Being a software engineer, I had always had a problem. I used to procrastinate a lot. Sometimes I didn’t work for a couple of days and just couldn’t push myself to start working on the following days. I usually ended up procrastinating days on end.
Eventually, in these terrible periods when I didn’t work, I started surfing the Internet to find a silver bullet and kill laziness inside of me. I was sure it was impossible, it’s not really smart to even think about it. But, much to my surprise, I found a way how to be productive, focused and meet deadlines.
“Pomodoro” was the magic word.
The Pomodoro technique is a really simple method, yet unexpectedly effective. I was over the moon when I started using it, it changed my professional life dramatically. It’s developed in the 80s though, so many people know about it, but it was brand new for me, so I think it’s worth sharing it one more time in the second decade of the 21st century.
How it works
The technique is pretty straightforward. You decide what task you’re going to do within the next 25 minutes, set a timer for that period, focus on your task at hand, and once the timer rings you draw a tomato (Pomodoro) on a piece of paper (or just a checkmark, or cross, or whatever you want). After that, you take a 5-minute break and then start over.

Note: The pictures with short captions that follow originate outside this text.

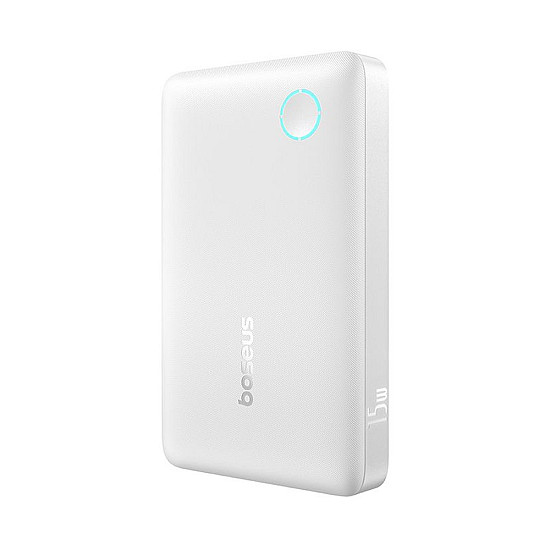 Baseus EnerFill FP11 10000mAh Power Bank / 15W USB-C + USB-A / Dual Output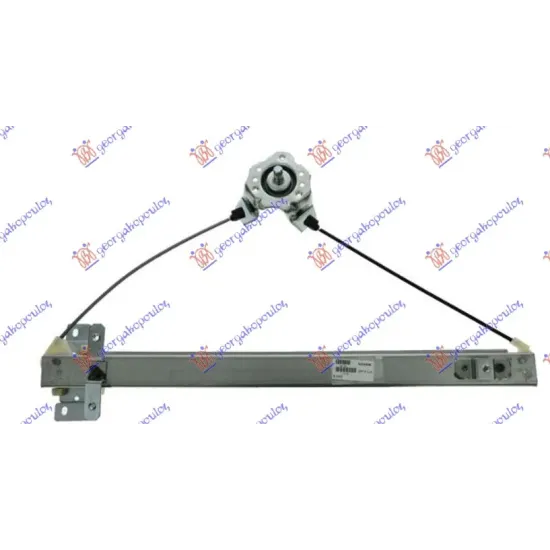 FRONT WINDOW REGULATOR MANUAL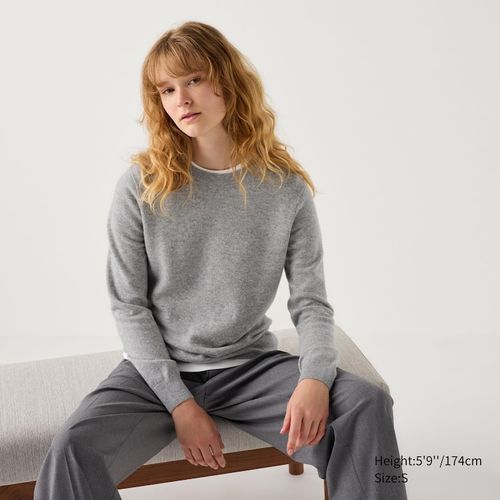 Uniqlo - Cashmere Crew Neck...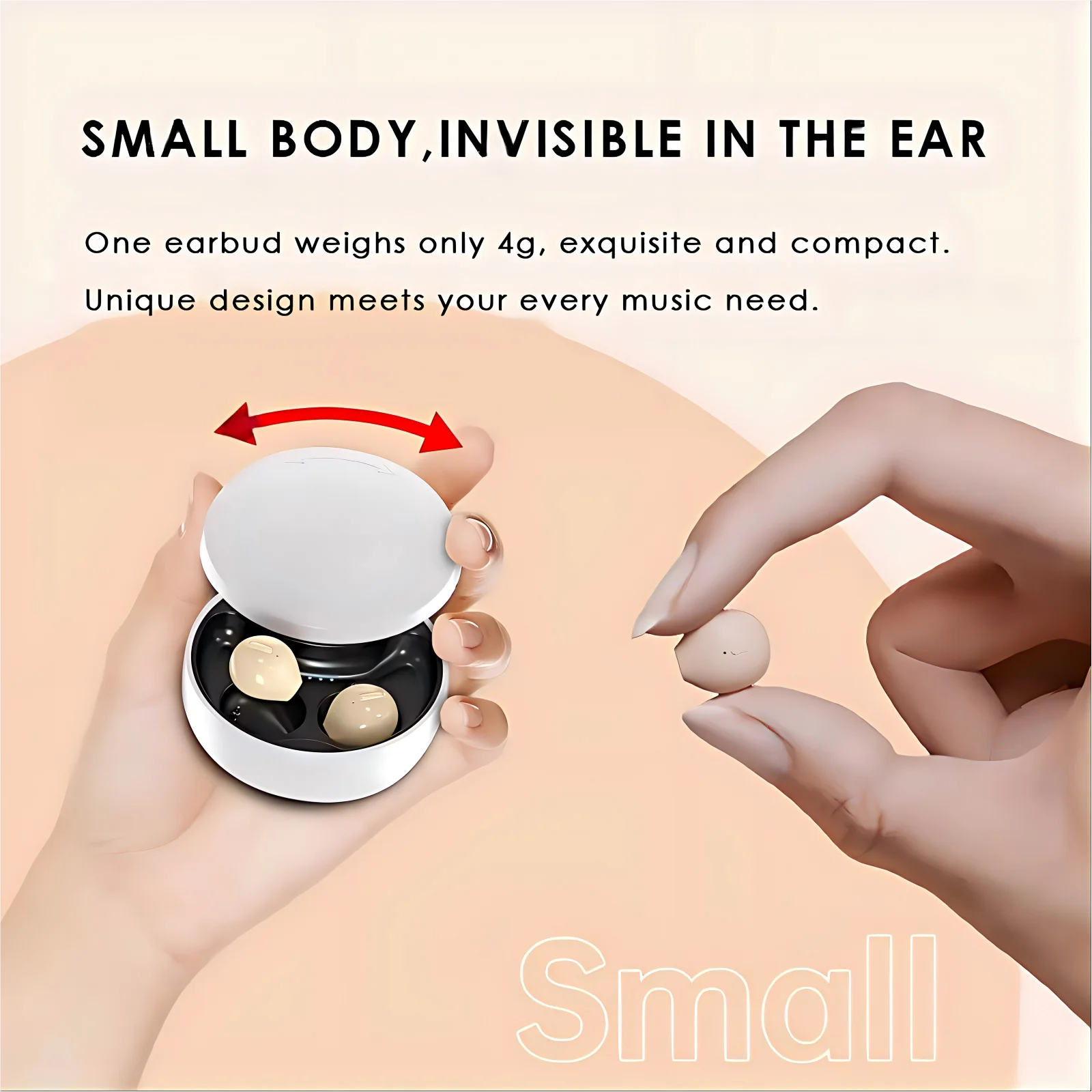 Hot selling X21s wireless Bluetooth smart touch mini sleep g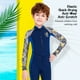 thumbnail image 5 of Traje de neopreno para niños Traje de baño de una pieza Protección solar Secado rápido Antidesgaste Propiedades antiarañazos, 5 of 8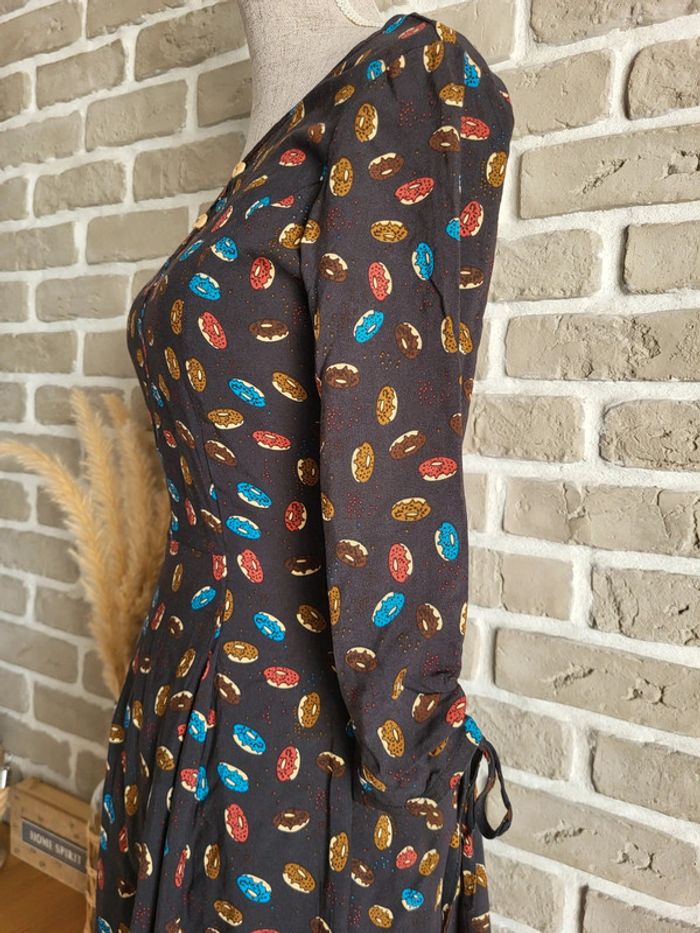 Robe évasée motif donuts Medicine - rétro pop - photo numéro 9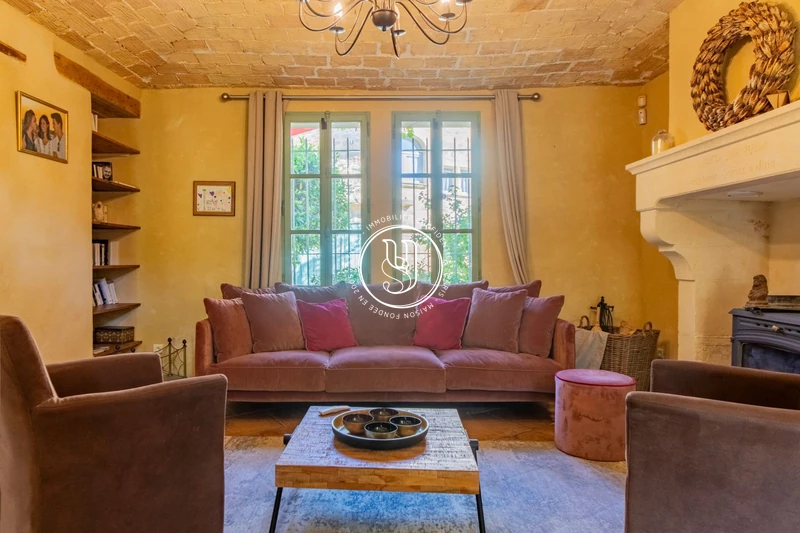 Vente maison de village Uzès  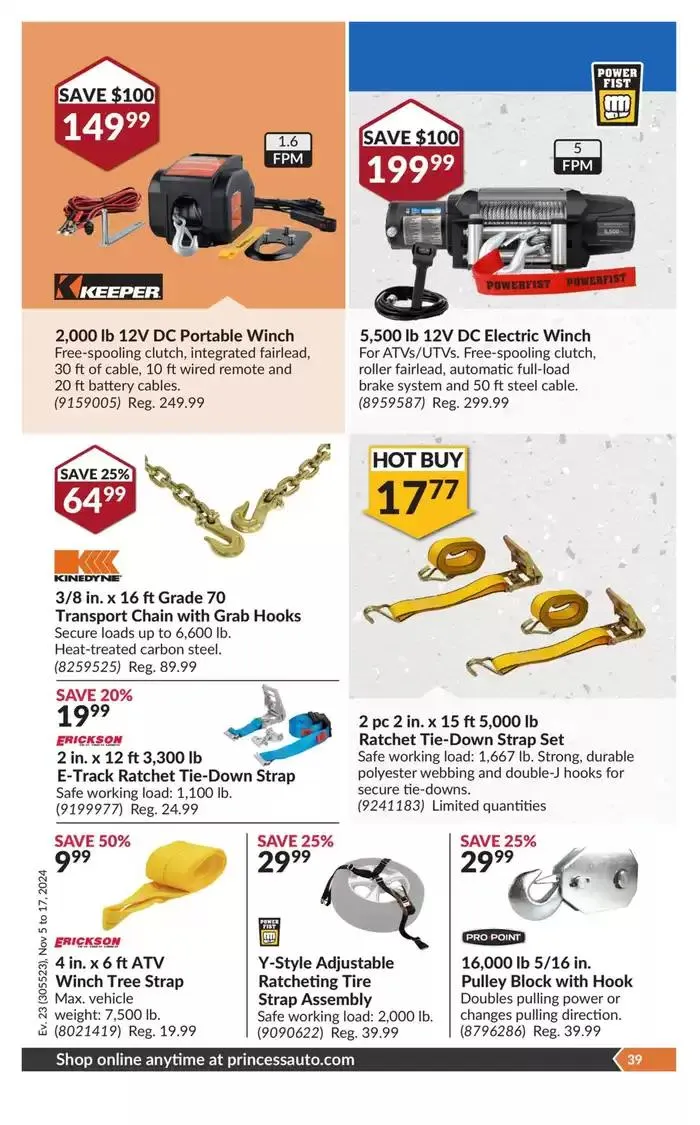 National Sale from November 5 to November 17 2024 - flyer page 43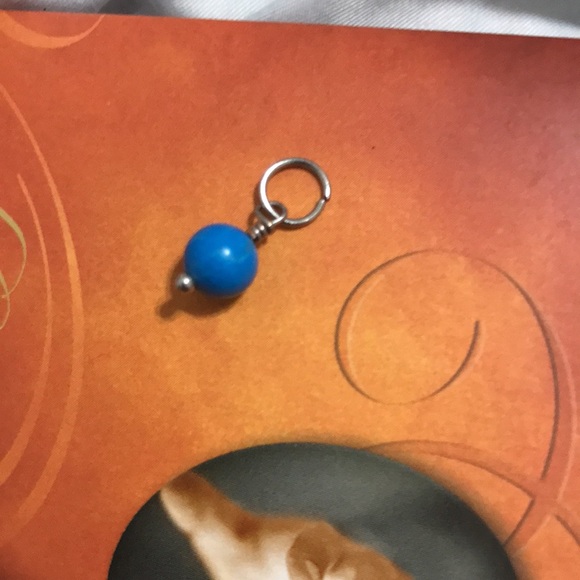 Bundle of 3 Charms enhancers Turquoise Bead, Rose Quartz and Pearl - Picture 6 of 7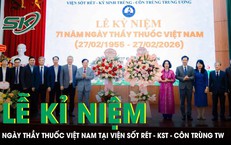 Thứ trưởng Bộ Y tế chúc mừng Viện Sốt rét - Ký sinh trùng - Côn trùng Trung ương nhân Ngày Thầy thuốc Việt Nam 27/2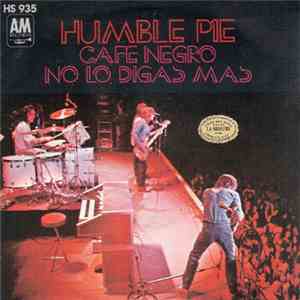 Humble Pie - Black Coffee / Say No More flac album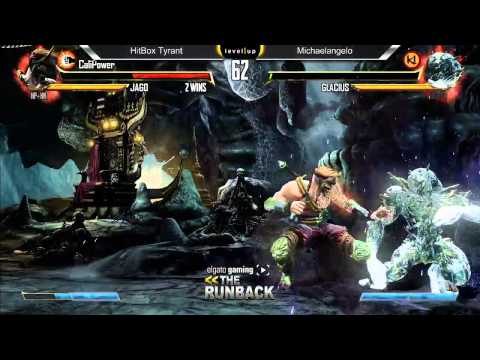 KI HitBox Tyrant vs Michaelangelo - The RunBack 5.7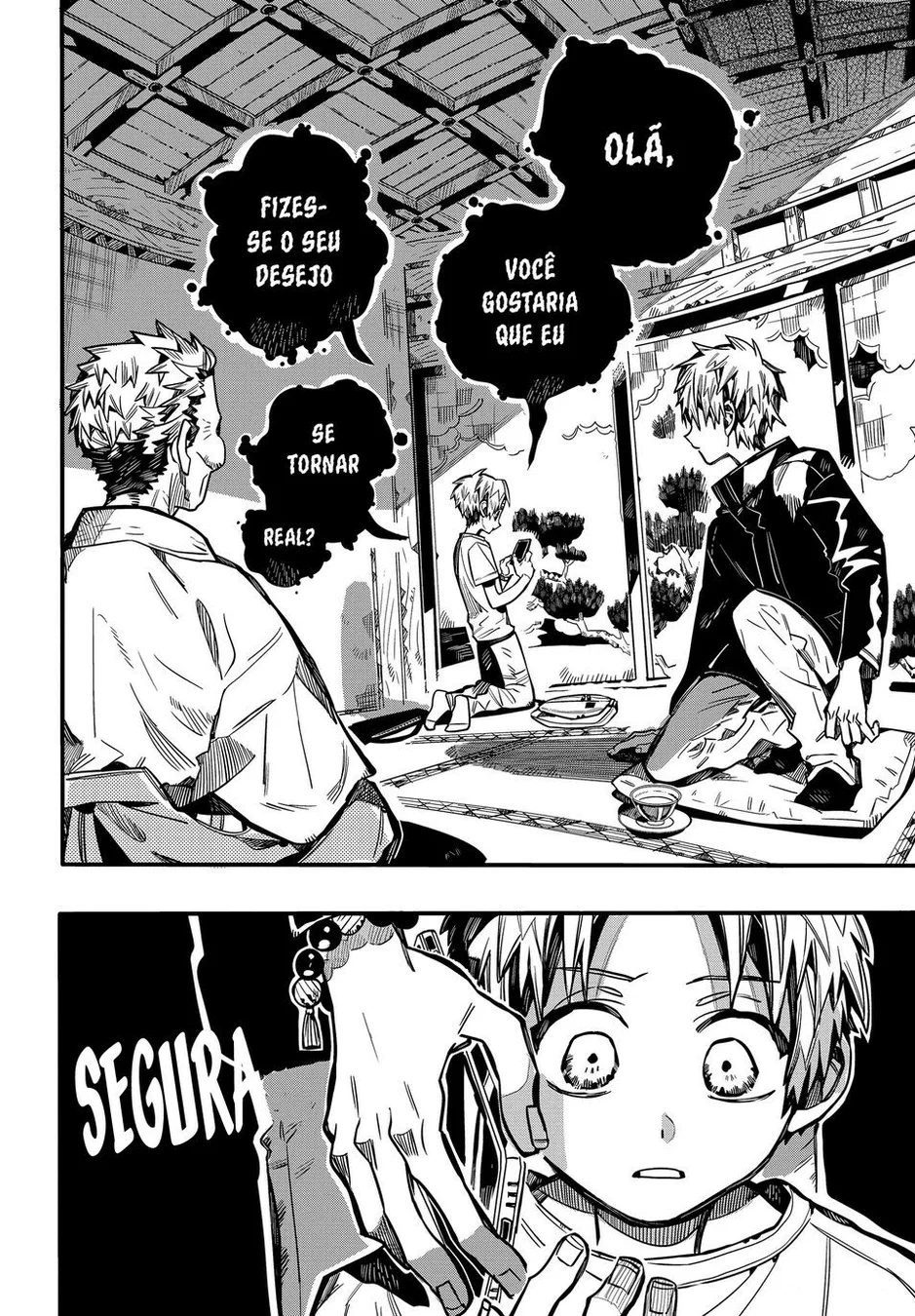 Read Toilet-bound Hanako-kun Português Manga Online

Four pomodoros form a set, and when you’ve got a set, you take a 30-minute break instead of a 5-minute one.
During these breaks, you don’t have to work at all. Surf the web, text your friends, go for a stroll, do whatever you want (make sure you don’t break any law). But when your timer is running, focus on your work and avoid interruptions as much as possible.
So, your periods of work and breaks look like that:
If you finish your task earlier than in 25 minutes, then the initial idea of the technique is to add a Pomodoro and stop working. But, to make it even simpler, I just go to the next task and basically just work during these 25-minute periods without interruption no matter how many tasks I close within one Pomodoro.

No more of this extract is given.